Monday, April 29, 2013

Battle for Buddha


When Janice Marturano conducted the “mindful leadership experience” workshop last January at the World Economic Summit in Davos, Switzerland, she was hoping for an audience of 20—at most. “I was prepared for one or two,” the founder and executive director of the Washington-based Institute for Mindful Leadership admits. She needn’t have worried. There was a lineup; people were even turned away. More than 70 of the world’s most influential people crammed into the room, many standing for 90 minutes to learn “techniques for developing focus, clarity and compassion.” The next morning, Marturano led a meditation—a Davos first—that drew 40 people, two-thirds of whom had never meditated before.

The spectre of masters of the universe chanting Om at Davos serves as only one measure of how “mindfulness” has become the new Western mantra. The technique, linked to Buddhist practice, teaches being present in the moment, always attentive to, and accepting one’s thoughts and responses, without judgment. In a 1977 study, mindfulness pioneer Jack Kornfeld presented the approach as a remedy to Western excesses, or “the egoistic, hedonic treadmill of continually avoiding discomfort and seeking pleasure from outside sources that are ultimately unsatisfying and short-lived.”
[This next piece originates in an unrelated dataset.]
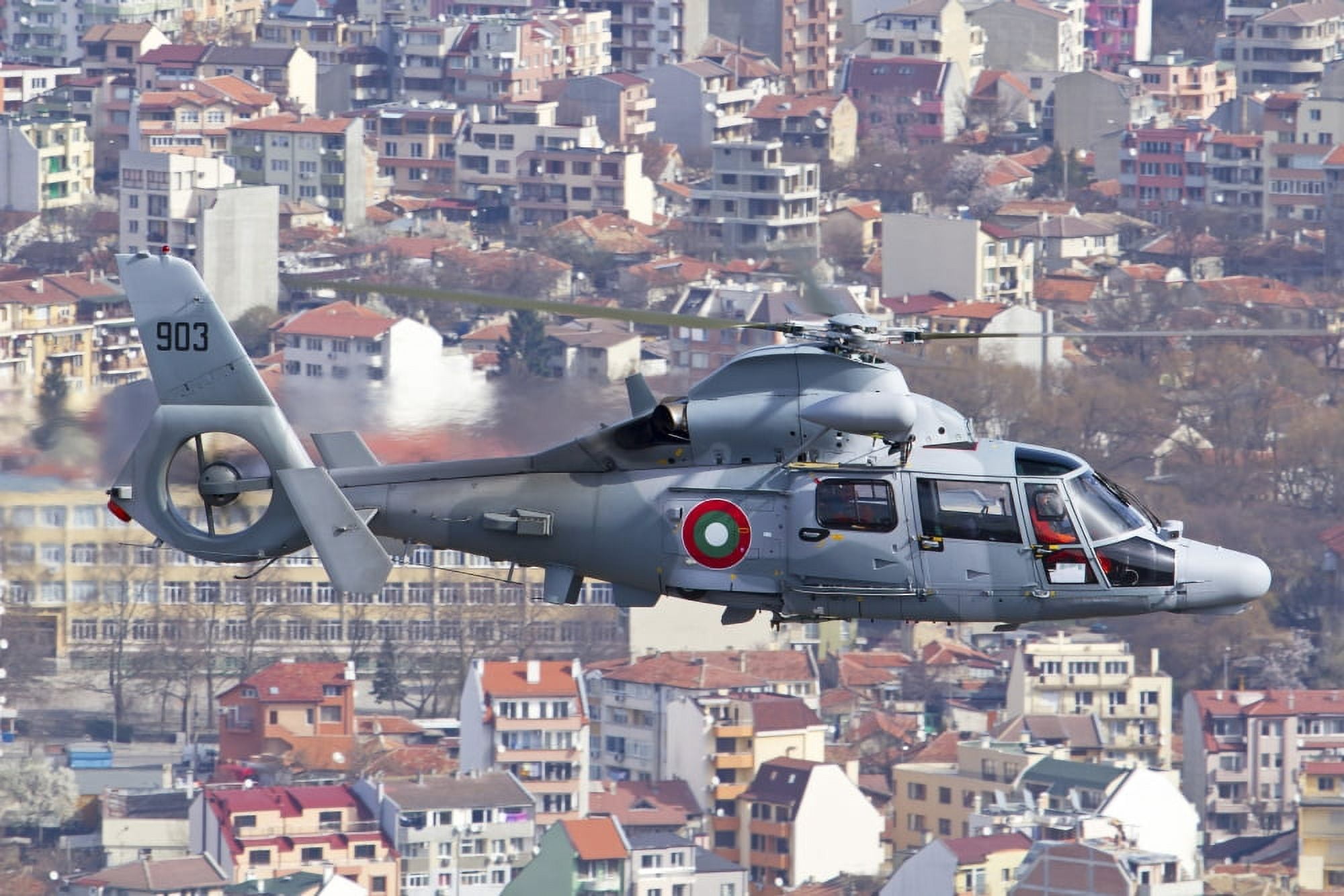 Bulgarian Navy Eurocopter AS-565MB Panther over Varna Bulgaria Canvas Art - Anton BalakchievStocktrek Images (35 x 23)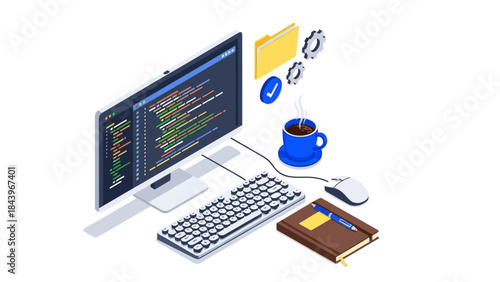 Isometric workspace with computer and coffee for coding enthusiasts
Mindfulness entered the medical mainstream in the 1980s as a clinically proven method for alleviating chronic pain and stress. Since then, it has metastasized into an omnibus panacea—to help children with attention-deficit hyperactivity disorder concentrate, soldiers with post-traumatic stress disorder recover and, now, Fortune 500 executives compete. In Paul Harrison’s upcoming documentary, The Mindfulness Movie, psychologist Guy Claxton frames the benefits in mercantile terms: “At the most basic level, mindfulness enables you to get value for money out of life,” he says.

What has gripped Western attention is mindfulness’s ability to improve performance—of Olympic athletes, parents, and even nations, as promised in U.S. Congressman Tim Ryan’s 2012 bestseller, Mindful Nation: How a simple practice can help us reduce stress, improve performance and recapture the American spirit. Institutions and companies are racing to adopt “mindful” practices—among them Google, the U.S. military and Monsanto. Jeff Weiner, CEO of the social-networking site LinkedIn, is a disciple, boasting that “compassion” and “listening to others” are now his central management tenets.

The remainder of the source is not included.